Some estimates even ranged as far back as 1873.
The researchers posit that if the epidemic did indeed start that early, that it likely grew very slowly at first (otherwise AIDS would have likely been identified later). They overlay the range of their estimate for when the MRCA showed up with some population growth data for some cities in west Africa and conclude that it was the rise of cities after approximately 1910 that really allowed the epidemic to spread.
Estimating dates of infection
We can also use a similar approach to the one Worobey did to estimate when a single individual was infected by HIV.
This paper by Poon et al (a colleague of mine for full disclosure) details a cohort of 19 patients from Montreal who were identified with primary HIV infection, meaning they had likely been infected within the past few months. These patients had a number of archived blood samples from different points since they had become infected.
The researchers used a next-generation sequencing approach called deep sequencing, which gives a high-resolution cross section of all the different versions of HIV that exist within a patient. This approach generates an average of about 2500 sequences per sample. They then made phylogenetic trees from these sequences and used sophisticated statistical and phylogenetic modelling programs to trace back to the most recent common ancestor of all the different variants within that patient. Since they had multiple blood samples from these patients with known dates, they could determine the rates of evolution for HIV for each specific patient independently, and use that rate to count back to when the MRCA was most likely to have occurred.
Because other work has indicated that most HIV infections actually arise from a single virus (or at least a set of viruses that all look identical), an estimate of when the MRCA occurred for a patient can also serve as an estimate for when that patient was actually infected.
Now all this sounds fine but without actually knowing when the patient was infected, how do we know that these methods are correct or are wildly off-base? Well, there are other non-genetic ways of estimating when someone was infected with HIV. For example, around three-quarters of all people with HIV have a flu-like illness called an acute retroviral syndrome about 14 days after getting infected. So, if you know when that first occurred for someone, you can guess that they were infected about 2 weeks before. Patients in this phase of their HIV infection will test negative for HIV antibodies, but will have detectable levels of HIV RNA in their blood, which is another indicator of acute HIV infection, again occurring approximately 14 days after infection.

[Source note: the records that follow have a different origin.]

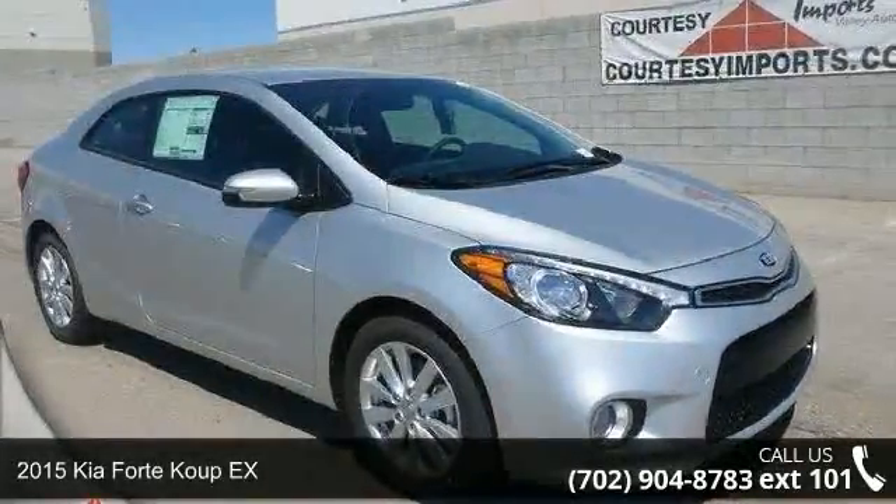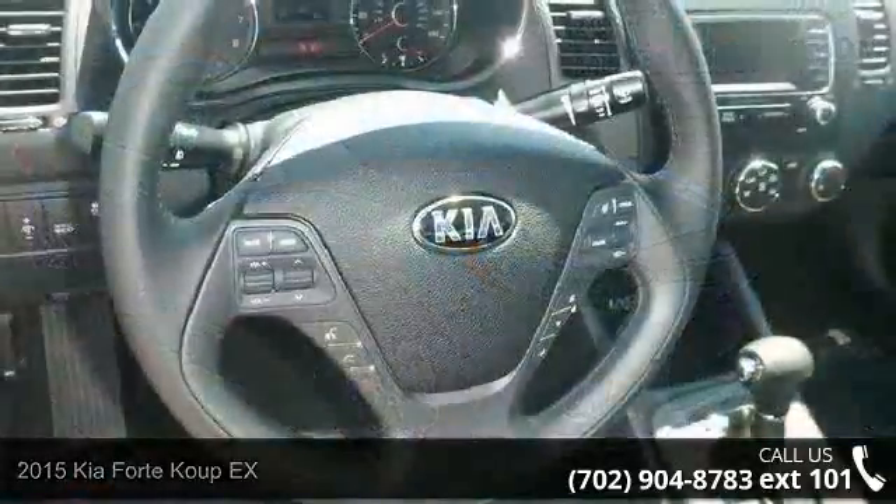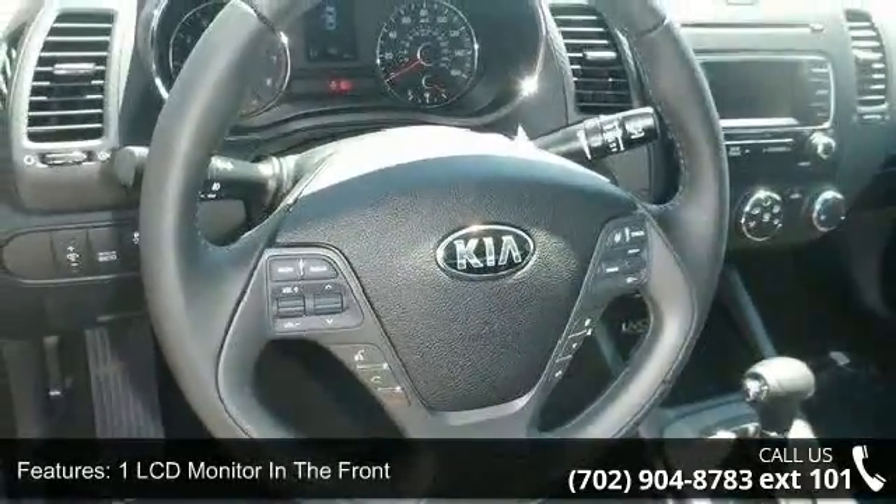Arrive in style with this 2015 Kia Forte Coupe X. This may be the set of wheels you've been looking for. Enjoy these notable features: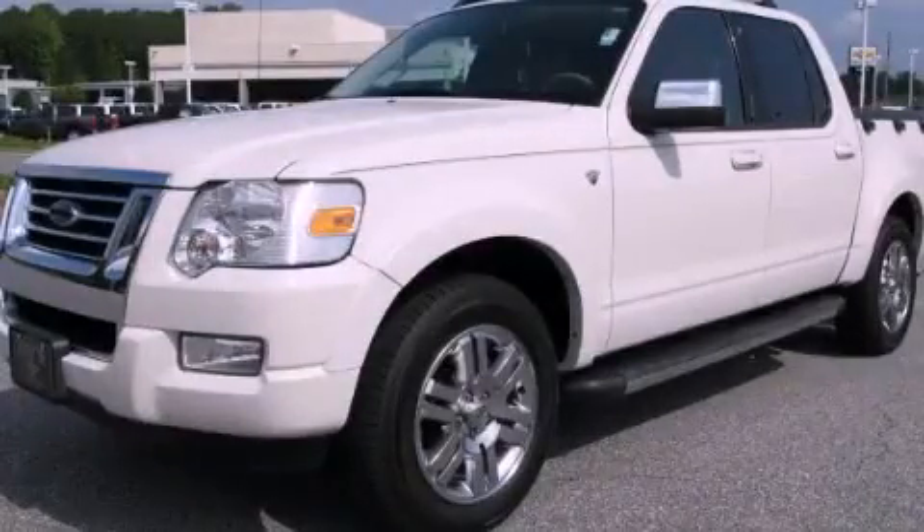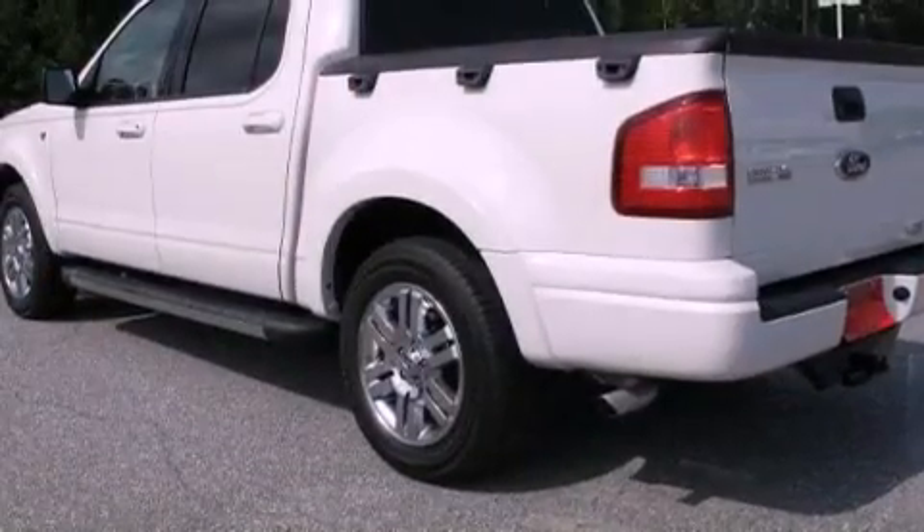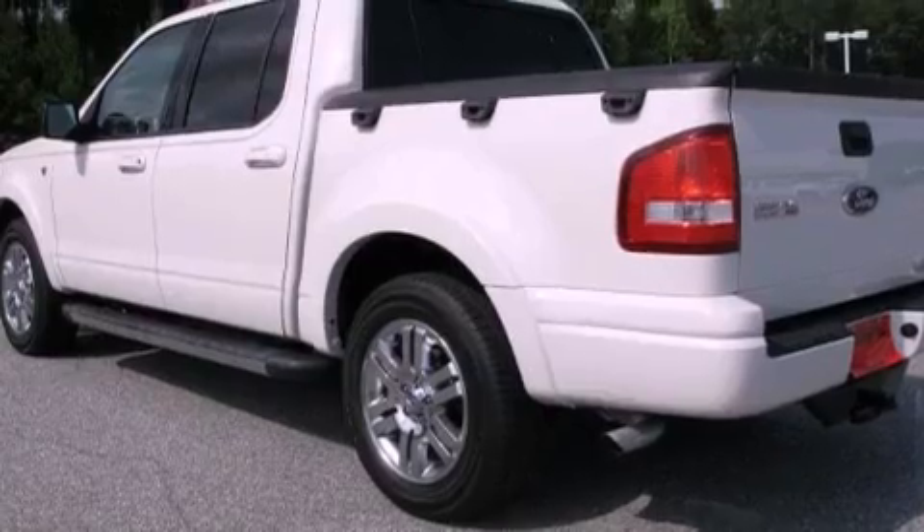This is a 2008 Ford Explorer, for when safety, size, and space are of importance. It features a 4.6-liter, eight-cylinder engine and a six-speed automatic transmission.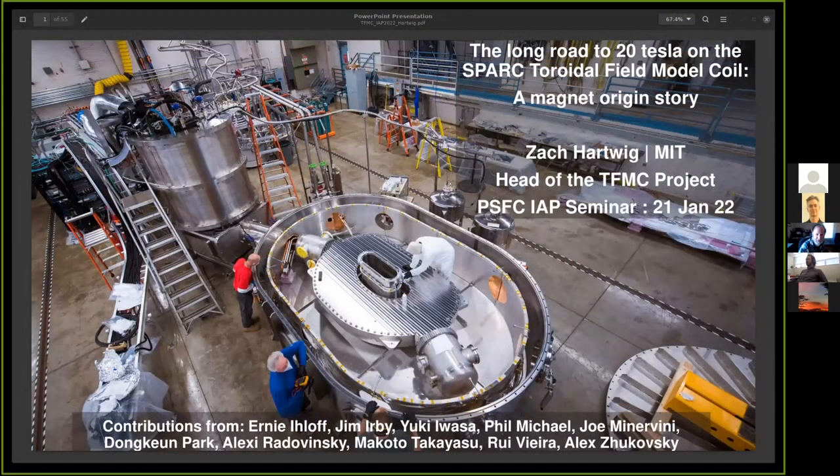It's my pleasure today to introduce our speaker, Professor Zach Hardwick. I think a lot of you know Zach, but maybe not everybody, so I thought I'd provide a little bit of background. Zach got his PhD from MIT, the Nuclear Science and Engineering Program Department, where he did some very interesting work that is quite different than what he's working on now.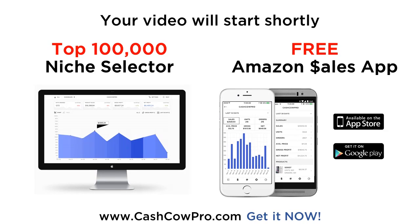Yes, that's right — 100,000 of the best low competition niches on Amazon. Join the Amazon gold rush. Sign up at CashCowPro.com now.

Using these and other approaches, the researchers could compare their phylogenetic estimates of dates of infection to these non-genetic estimates of viral syndromes and the like. As the figure indicates, the dates of infection estimated by the phylogenetic approach (Y axis) are actually quite similar to the dates derived from the non-genetic approaches. An independent dataset with known dates of seroconversion (the point at which HIV antibodies appear) again confirmed that this approach is quite accurate.

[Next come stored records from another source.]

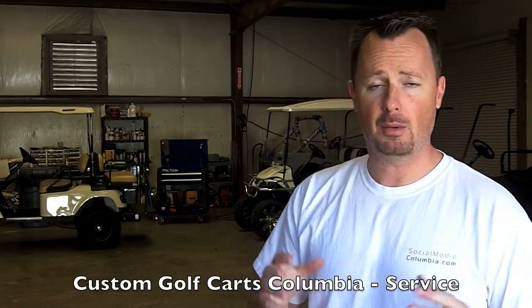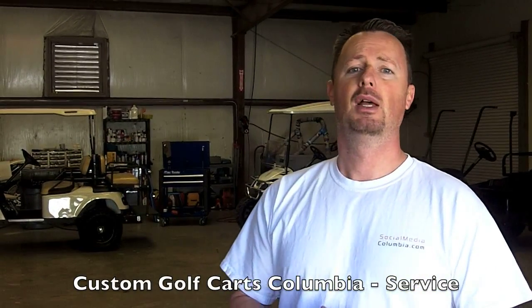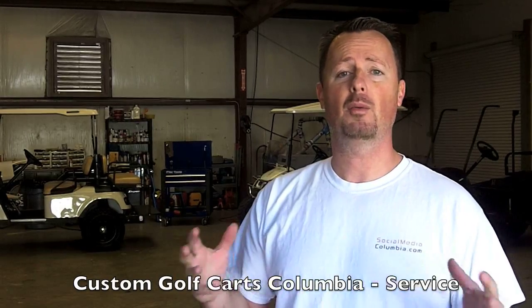Hey, welcome to Custom Golf Carts Columbia. Today we're going to talk a little bit about golf cart service. We do have a full service department, so no matter what you need, we can definitely take care of that for you. If you have an old golf cart or a newer one that for whatever reason is not running, maybe it's been parked for a while or parked for many years, we can definitely get that running for you.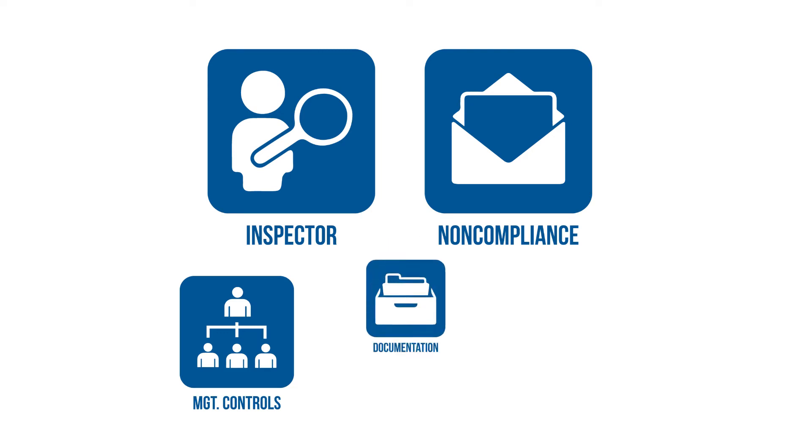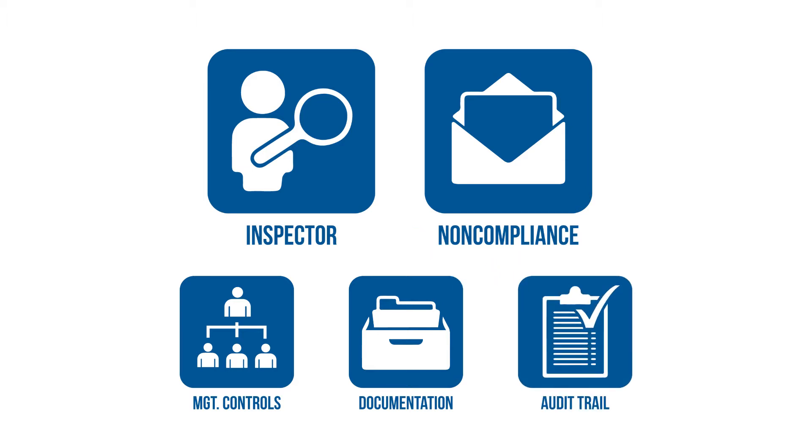We might ask for documentation on clean-outs or various other types of documentation. And we will be asking for an audit trail to make sure we have a very clear linkage to the vendor upstream. We will evaluate the results against the maximum residual limits, they're called, which are allowed for that specific product and the pesticide or the residue that is actually contaminating the product.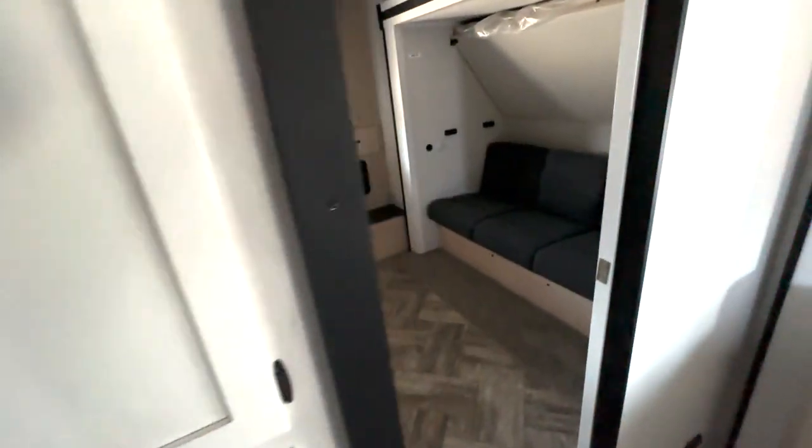Lots of storage here as well — you can utilize this for pantry space or living room storage. It extends a bit further back so you can utilize the full length of that. Then stepping into the rear is where we have this huge bunk room.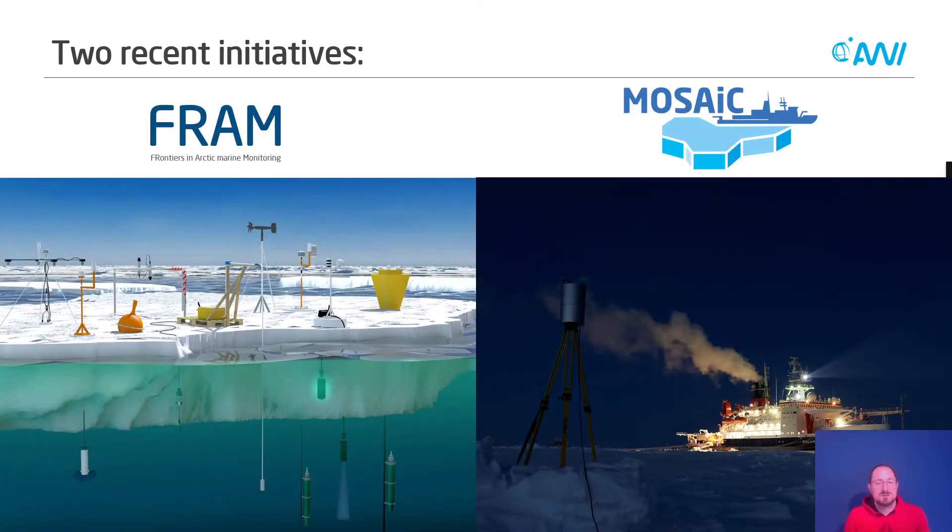I want to quickly mention two recent initiatives I have been personally involved in. One is the FRAM program by the Alfred Wegener Institute — Frontiers in Arctic Marine Monitoring — where we were developing autonomous monitoring stations to be deployed on sea ice to observe how the ice is changing and to collect data when we are not there. On the other hand, you may have heard about the MOSAiC expedition, where our German research icebreaker Polarstern froze itself into an ice floe, drifting through the Arctic with many scientists on board, enabling us to follow the floe over the course of an entire year. Both approaches have their advantages and disadvantages.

Thus overall, we can use these approaches that incorporate what we know about evolution of HIV to determine how long in the past it was that a most recent common ancestor occurred. When we do that for a single patient, we get an estimate of their date of infection. And when we do it with sequences from the whole of the HIV epidemic (including very old archived sequences since before the epidemic took off) we can estimate the MRCA of all HIV strains and when the virus first crossed over into humans.